Lion Lights: My Invention that Made Peace with Lions
By Richard Turere with Shelly Pollock
Illustrated by Sonia Possentini
Lion Lights is a beautiful and inspirational Early Picture Biography, winning the Anzisha 2023 Children’s African Book Award, 2022’s Outstanding Science Teaching Book, and is a Maine Chickadee Award selection for 2024.
Based on true events, the author, Richard Turere, writes about his experience on the African plains of Kenya as a young Maasai boy, tending sheep and goats at age six, and at age nine, as a warrior, protecting his family’s herd of cattle from lions. It was an honor and a most difficult task. Herders and experts had tried for years to find a way to keep the lions away, especially at night, but nothing seemed to work. Families needed the cattle for their survival.
Richard had little education, but he did have ongoing curiosity about how mechanical things worked and he had creativity. At the age of 12, he invented something for about $10 that would ward off the lions at night. He was so successful that his invention is now used throughout Africa, Asia, and South America to keep predators away from livestock at night.

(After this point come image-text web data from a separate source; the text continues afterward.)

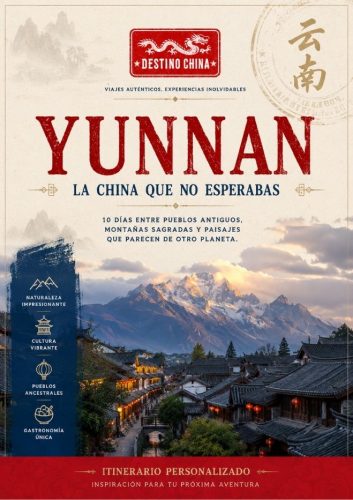 Folleto de viaje personalizado sobre Yunnan, China, con imágenes y descripciones de sus paisajes y cultura.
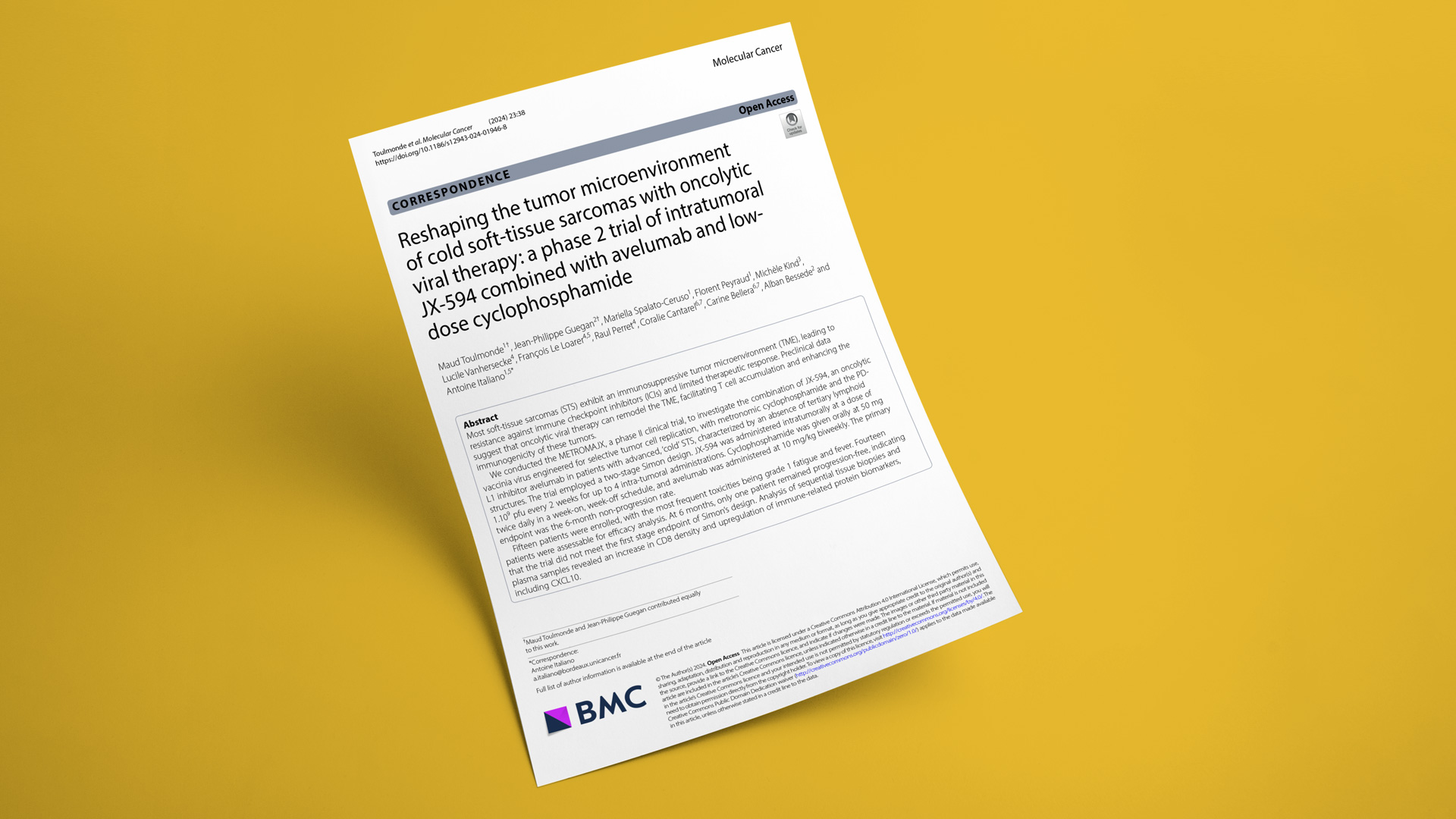 Reshaping the tumor microenvironment of cold soft-tissue sarcomas with oncolytic viral therapy: a phase 2 trial of intratumoral JX-594 combined with avelumab and low-dose cyclophosphamide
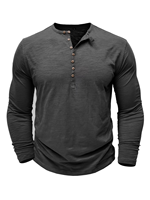 Men's Short Sleeve Henley T-Shirt Enzyme Wash Printed Graphic Breathable Jersey Knitted Cotton Regular Fit Casual V-neck Regular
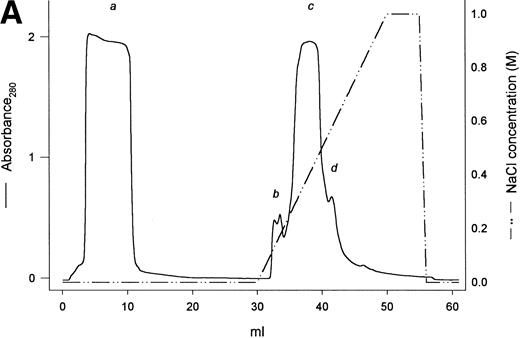 Fig. 1. Purification of rEC by anion exchange chromatography. Crude fermentor supernatant was dialyzed and injected (10 mL) onto a 1-mL Mono Q HR 5/5 anion exchange column pre-equilibrated with the same buffer, as described in Materials and Methods. Bound protein was eluted with a 20-mL linear salt gradient (20 mmol/L Tris, pH 7.5, to 1 mol/L NaCl, 20 mmol/L Tris, pH 7.5) and fractions (1 mL) were collected. (A) Elution profile with absorbance plotted as a solid line (scale on the left) and the salt gradient (M NaCl) as the broken line (scale on the right). (B) Evaluation of fractions by SDS-PAGE. Fraction samples were run on 4% to 20% gradient SDS-PAGE under reducing conditions. S denotes crude fermentor supernatant. Lanes corresponding to sequentially collected fractions under the following peaks are indicated with lowercase letters: peak a, pooled flow-through; peak b, two fractions; peak c, four fractions; peak d, one fraction. Eluted material was deliberatedly overloaded on the gel to enhance detection of minor contaminants.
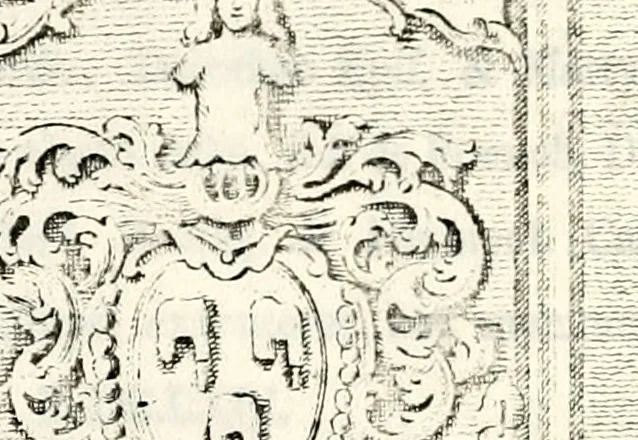 An illustration from Proben des hohen Teütschen Reichs Adels, oder, Sammlungen alter Denkmäler, Grabsteinen, Wappen, Inn- und Urschriften, u: d: nach ihrem wahren Urbilde aufgenommen unter offener Treüe bewähret und durch Anenbäume auch sonstige Nachrichten erkläret und erläuteret, 1775, leaf 426
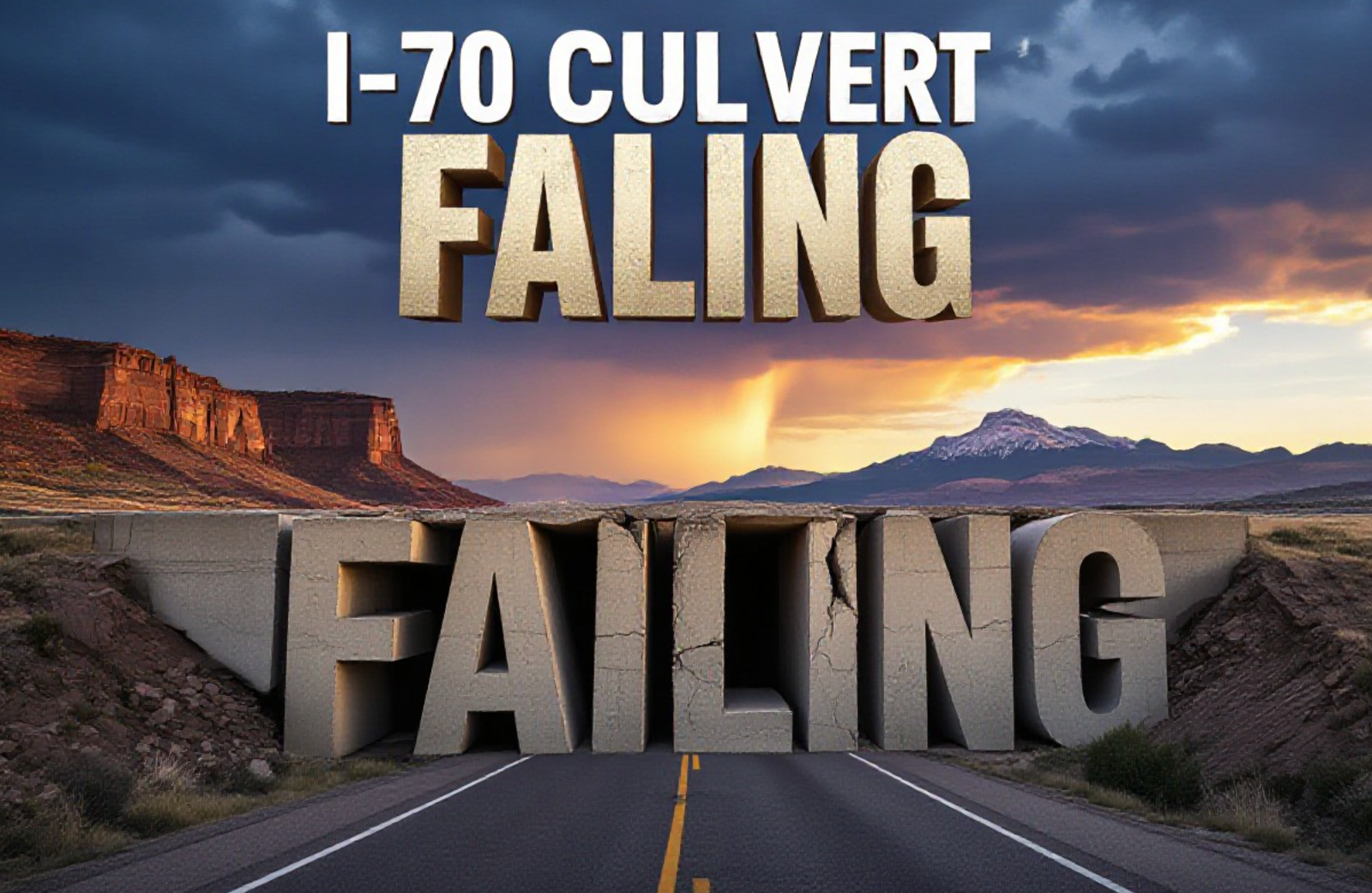 A viral, hyper-realistic YouTube thumbnail with a dramatic western Colorado atmosphere. The background is a rugged Book Cliffs canyon at golden hour with storm clouds gathering. The composition uses a low, dramatic angle looking up at massive cracked concrete culvert walls bulging inward under the weight of Interstate 70 above, with Mount Garfield summit visible in the distance. The main subject: a huge failing concrete box culvert with deep cracks and exposed rebar dramatically lit. The image features massive 3D typography with strict hierarchy: The Primary Text reads exactly: 'I-70 CULVERT FAILING'. This text is massive, rendered in weathered cracked concrete material with dust and debris falling. The Secondary Text reads exactly: 'Mesa County Demands Fix'. This text is smaller, positioned below with a bold red warning-stripe border. 8k, Unreal Engine 5, cinematic render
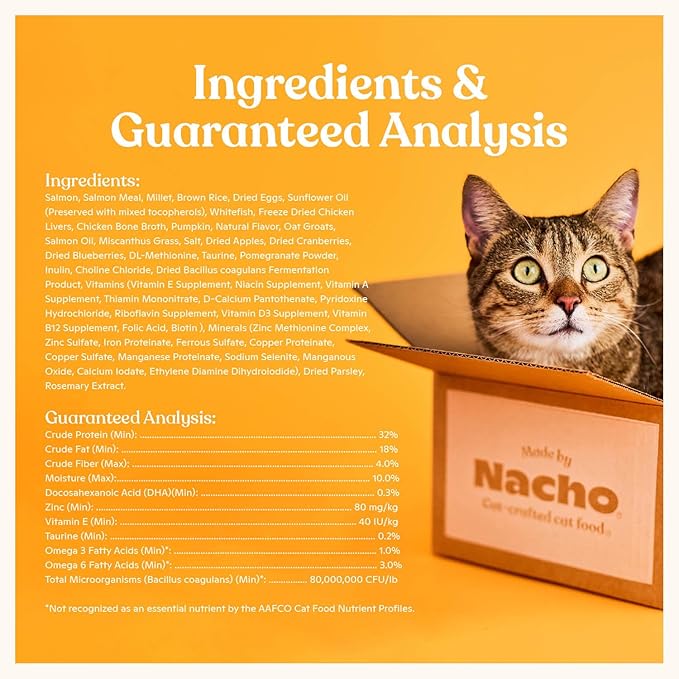 Made by Nacho Dry Cat Kibble 10lb Bag, High Protein Premium Cat Food with Freeze Dried Pieces, Sustainably-Caught Salmon, Whitefish & Pumpkin, Limited Ingredients, Single Bag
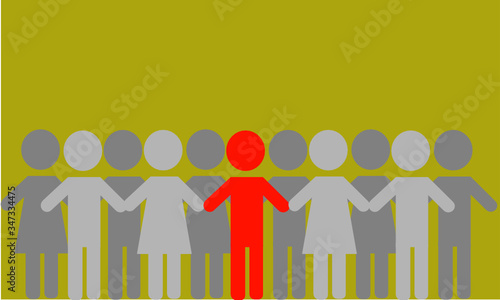 A lot of female and male icon stay close. Red male icon stay at center. Spreading germs (virus or bacteria). How to infection disease. Space needed. Icon Illustration vector.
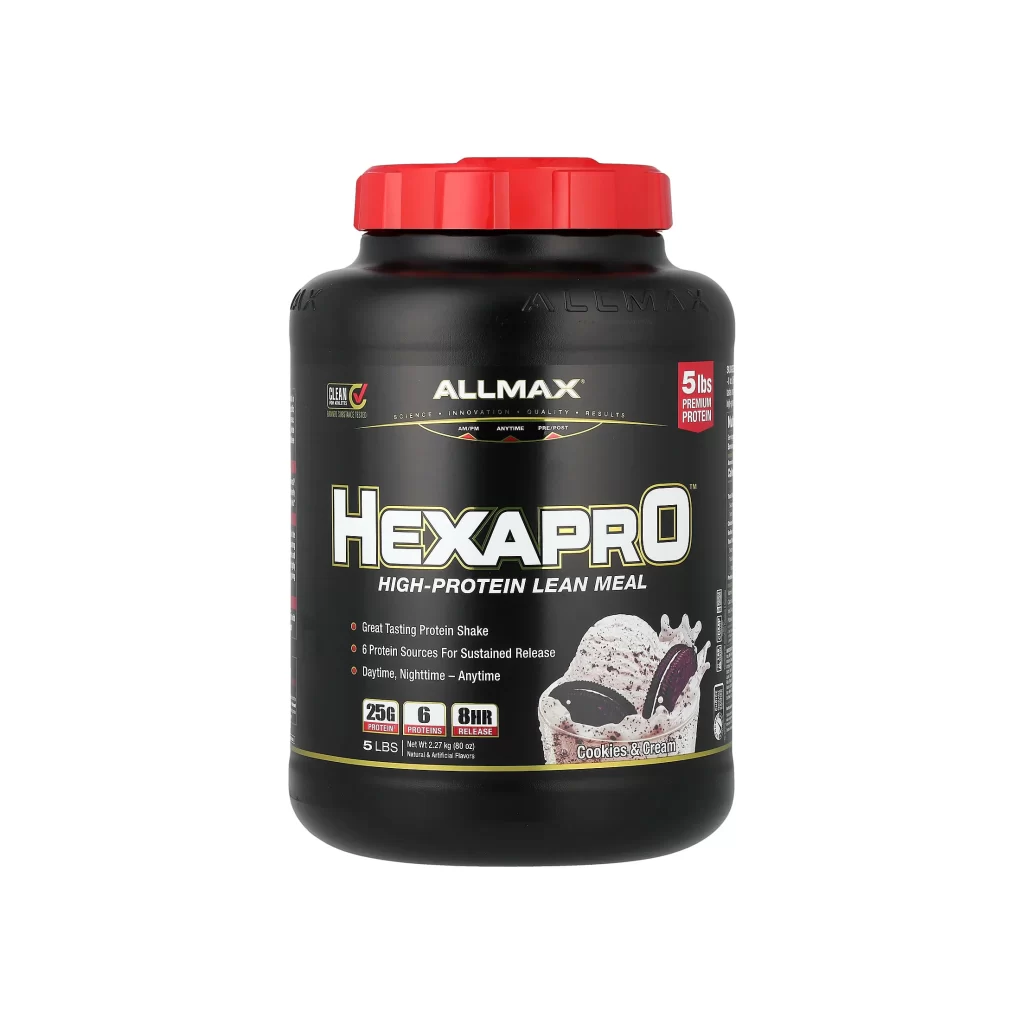 Allmax Hexapro High-Protein Lean Meal Cookies Supplement Packaging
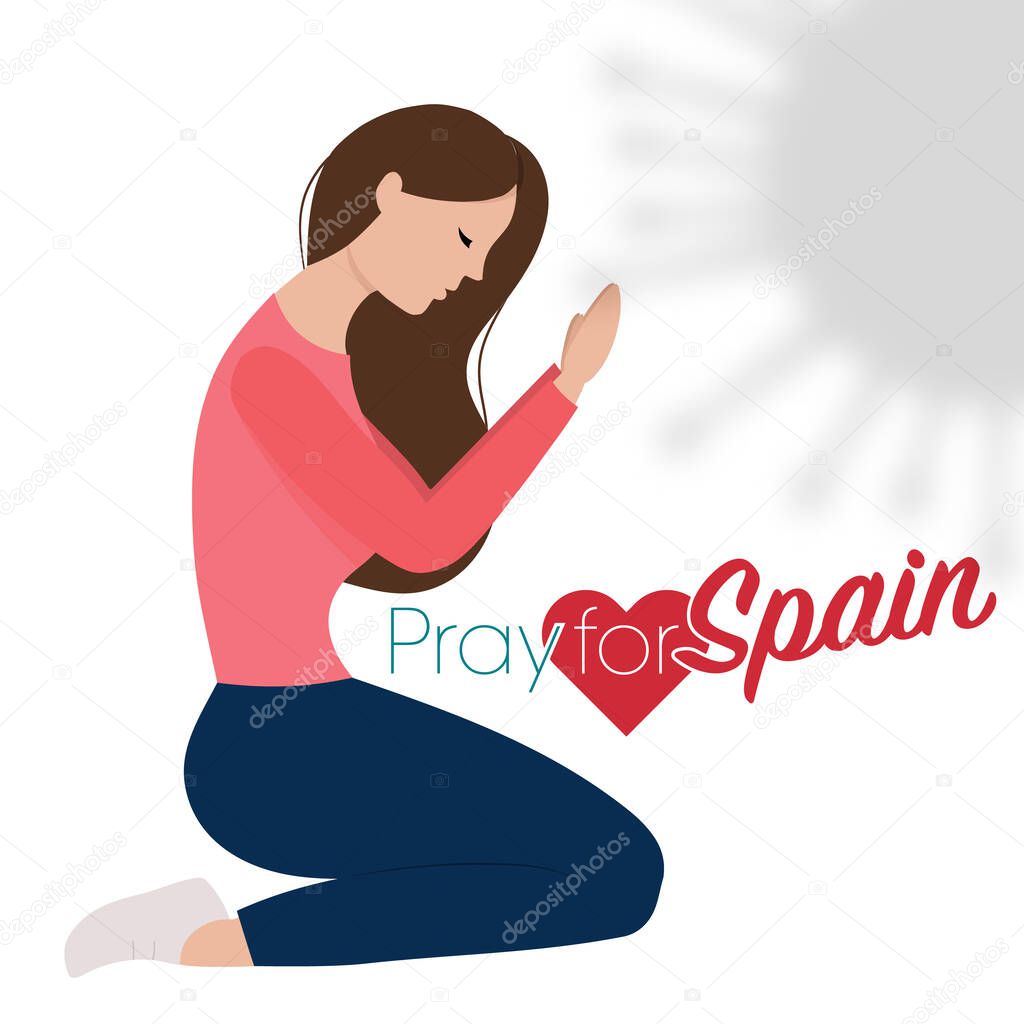 Spanish woman and Spain flag. Pray for Spain, save spanish people concept. Covid-19 or Coronavirus concept.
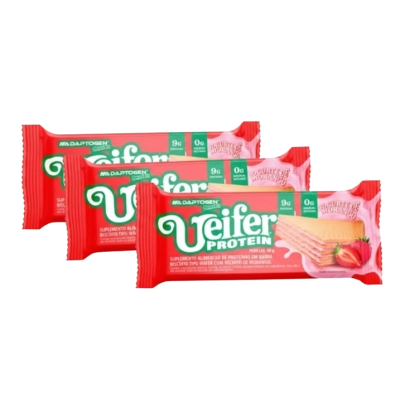 Ueifer Protein, Sabor Morango, 3 Unidades 40g Cada, Adaptogen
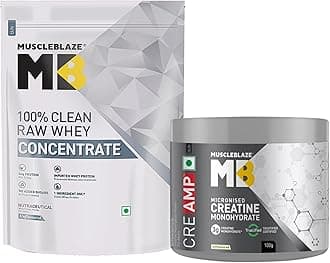 MuscleBlaze 100% Clean Raw Whey Protein Concentrate Powder (Unflavoured, 1kg) & Creatine Monohydrate CreAMP with CreAbsorb, Unflavoured, 100g / 0.22lb (Combo Pack)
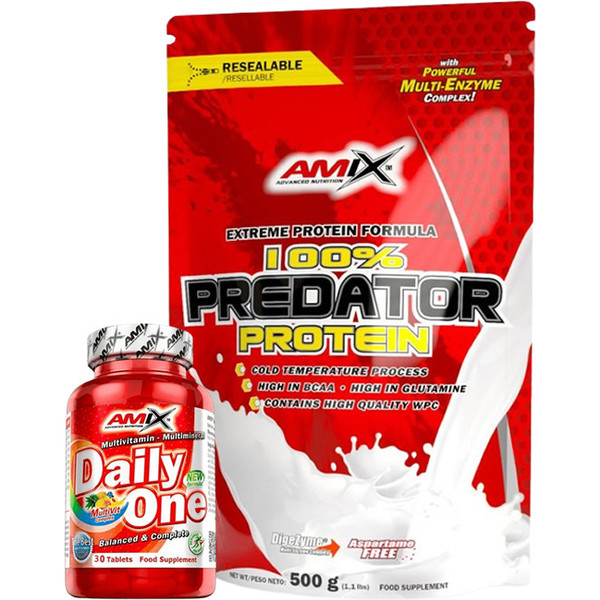 Amix Predator Protein Doypack 500gr - Protéine qui contient de la L-glutamine et du DigeZyme, Contribue à la croissance musculaire + Sans aspartame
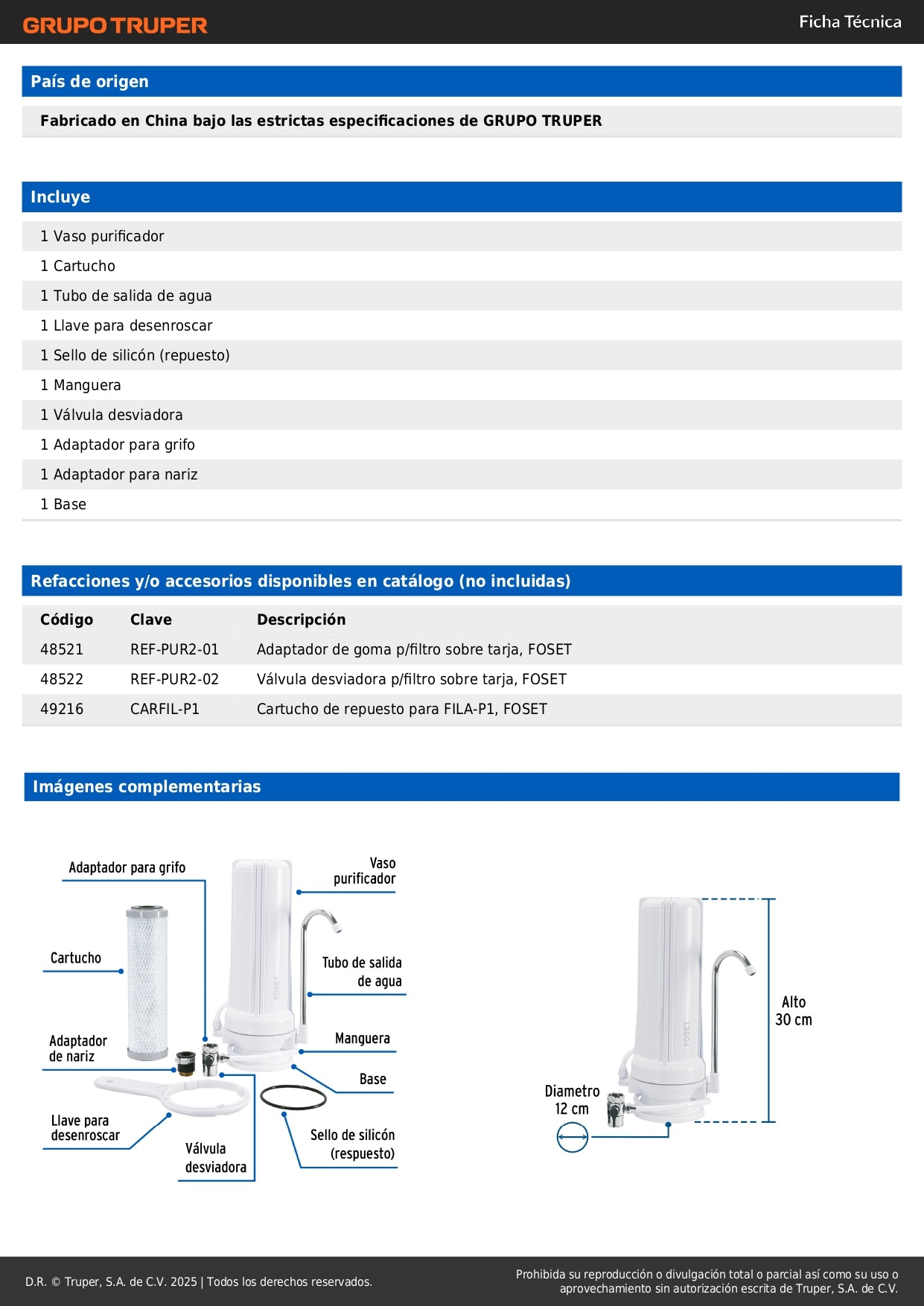 Purificador de Agua Sobre Tarja FOSET PURA-P2 - Elimina 99.9% Bacterias y Cloro - Carbón Activado con Plata Coloidal - Fácil Instalación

The artwork by Sonia Possentini, a Professor of Illustrations in Italy, is remarkably beautiful and life-like. I felt like I was on the plains of Kenya…with the lions!
At the end of the book is a section called “About the Maasai”. It tells of the hardships the Maasai have faced and continue to face (not unlike our Native Americans), how they build their houses, how they tried and often failed to protect their cattle from lions before the author came up with his surefire invention, etc. I found it to be very interesting and heartwarming.
Enjoy!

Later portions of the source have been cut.